TL: I picked up most of my early skills from the bands I listened to at the time, which was a lot of punk, ska and rock.
Andrew Verdecchio of Five Iron Frenzy was a big influence for me as was Carter Beauford, another drummer I looked up to.
I also enjoyed watching videos of Buddy Rich for inspiration as he was such an amazing drummer.

MM: Not many fans know that you are a multi-instrumentalist. You have previously lent your bass and lead guitar skills to other projects. Tell us about that and how does this help you in composing your drum parts?

TL: The band I was previously involved with before I joined Rose Cora Perry was called Swerve. We were a five piece hard/alternative rock group based out of London, Ontario. For that project, I lent my skills as a bass player for around a year.
I have also been playing guitar for about 15 years now and my playing style is influenced by instrumental/metal acts like Intervals.
I don’t typically think about instruments individually but rather the song as a whole when composing my drum parts.
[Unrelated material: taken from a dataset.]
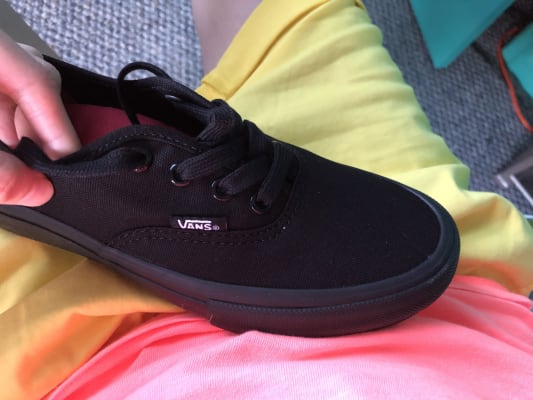 vans authentic pro on feet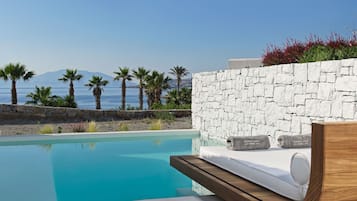 Executive Suite Heated Private Pool, Sea View | Terrace/patio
There may be times when the bass, guitar or vocals warrant a special fill or beat but I typically go by what sounds best in terms of “feel” as well as fitting the dynamic/progression of the song.

MM: What is your approach to constructing your parts for songs?

TL: I usually come up with several variations for each section of a song (which can totally change the emphasis and feel) and run through them with Rose until we find what fits best and “feels” best.
After listening to songs, sometimes I get ideas that become impressed in my head right away as rhythms I want to use, but typically I have a hard time settling on just one idea.

MM: You co-founded rock band “The Truth Untold” alongside Singer/Guitarist Rose Cora Perry. How did you meet Rose and how did it all begin?

TL: I initially came into contact with Rose when she posted an ad on a local Facebook musicians wanted page. We began talking about expectations and what was required of the members before jamming for the first time.
I knew from checking out her pages that there was a lot of potential and that there was a very good chance of “making it” in this project.
Shortly after, we met up for our first rehearsal to do a run through of two of her songs. We clicked musically right away and she indicated immediately after she wanted me to join the project.

MM: You have been racking up many musical accolades: the newest one being a Mapex Canada endorsement. You already played Mapex Drums didn’t you?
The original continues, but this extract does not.